Tom Tancredo is a five-term former U.S. congressman from Colorado. In some ways, he's the right wing's answer to former Democratic governor Dick Lamm, offering swift, unconventional, unexpected, solutions to socio-economic, and political problems. Following 9/11, he proposed threatening the Muslem world—should there ever be another such attack—to reduce Mecca to a sheet of glass.

Like all conservatives, his notions are often what libertarians would consider unethical, but they are often thought-provoking, as well. Tancredo's latest idea seems reasonable, at first, but it has some serious problems that he either doesn't foresee or doesn't care about.

His suggestion, reported in the December 4th edition of Breitbart online, is to organize "citizen militias" across the country, trained and armed against events like those that just happened in Paris and San Bernardino. What could possibly be wrong with that? Isn't it what the Constitution's Bill of Rights' Second Amendment was written to encourage?

Well, yes it is, if the British Army (or any other army) were coming at us over the hill. The fact is, Islamic terrorism (or any other terrorism) is not an army coming at us over the hill kind of problem. On the contrary, it is a W.A.S.P. kind of problem, and you can find out exactly what that means by reading Eric Frank Russell's prophetic novel about asymmetrical warfare of the same name. If you haven't read it, until you do, allow me to explain that terrorism is a diffuse threat, a tactical will-o-the-wisp, that flits off when you bat at it with a big, heavy, rolled-up army. The government is unable to deal with it, because it's like exterminating mosquitos with hand grenades.

The way to counter a diffuse threat is with a diffuse defense. We all know (at least we do if you're reading this) that central planning is an utter failure in the marketplace; mistakes get magnified, bad guesses punish millions, People end up homeless, naked, and starving. That, despite what Republicans and Democrats claim to the contrary, is why the Soviets collapsed and why Vlad Putin won't be able to restore them.

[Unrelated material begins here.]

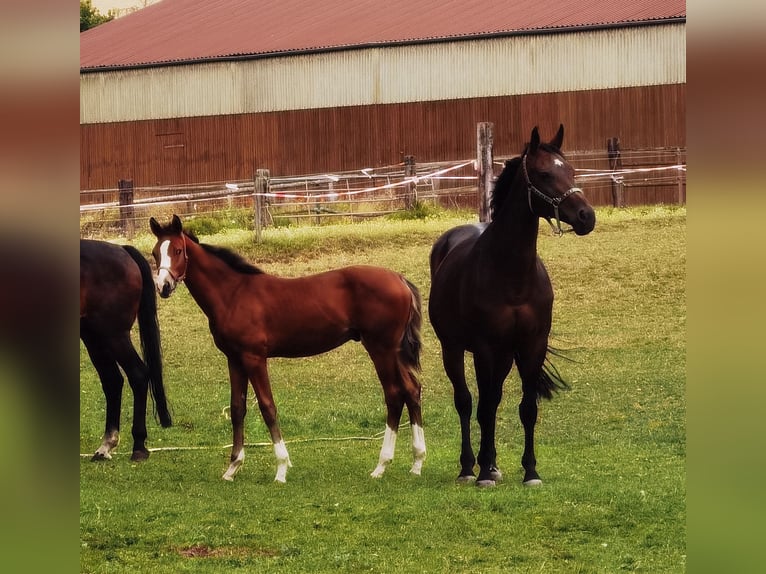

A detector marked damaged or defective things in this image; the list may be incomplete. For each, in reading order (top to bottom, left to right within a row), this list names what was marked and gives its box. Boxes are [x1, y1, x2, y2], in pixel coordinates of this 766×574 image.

rusty metal siding [82, 24, 684, 125]
rusty metal siding [81, 83, 688, 191]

And yet, if each of us just pays attention to his own little part of the market, free of any interference from others, especially government, the vast, destructive waves of central planning settle into millions of tiny, survivable ripples. Society becomes peaceful, prosperous, and productive. That's the great, "mysterious" secret of American wealth and success, of "American exceptionalism", and to the extent it becomes compromised, people and civilization will suffer accordingly.

The Great Depression was caused by the 1913 Federal Reserve Act, which stupidly and inappropriately centralized America's interest rates. In a free society, it must be understood, centralization is the enemy.

Still with me?

You've probably heard the widespread claim that the infamous 2001 hijackings could never have been carried out if just one or two passengers hadn't been forbidden—unconstitutionally forbidden—to carry weapons. A couple of small .22 revolvers would have done it. Criminals and bullies—which is all these "terrorists" really are -- don't care at all for evened odds, and will avoid them whenever they can.

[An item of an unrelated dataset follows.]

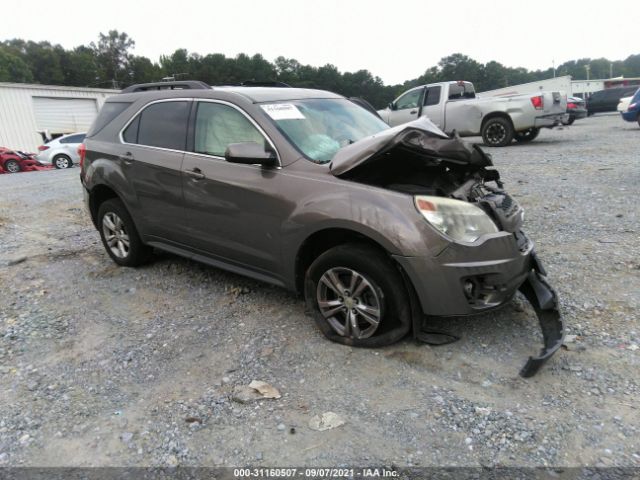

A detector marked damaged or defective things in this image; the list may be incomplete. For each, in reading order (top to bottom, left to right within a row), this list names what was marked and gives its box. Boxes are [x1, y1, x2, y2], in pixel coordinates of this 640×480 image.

damaged gray suv [80, 80, 564, 376]
crumpled hood [328, 116, 492, 176]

The fact is, in almost every one of the violent criminal incidents of the past several years, one or two ordinary individuals, free to carry weapons, could have greatly minimized the suffering and deaths of innocent people. After decades, this has finally come to the attention of mainstream culture, so that Republican Presidential candidate Ted Cruz proclaimed loudly, following the San Bernardino shootings, that "now, more than ever" the American people should arm themselves.

What Cruz likely didn't know is that exactly the same solution to runaway violent crime was proposed in a series of speculative novels written thirty-odd years ago by yours truly. Influenced all my life by novelist Robert A. Heinlein and in 1972 by seminarist Robert LeFevre, I began thinking about an adventure book to promote libertarianism, began writing it in 1977, and saw it published as The Probability Broach in 1979. Among my most significant (and at the time, most radical) prescriptions was arming everybody to interdict and deter crime.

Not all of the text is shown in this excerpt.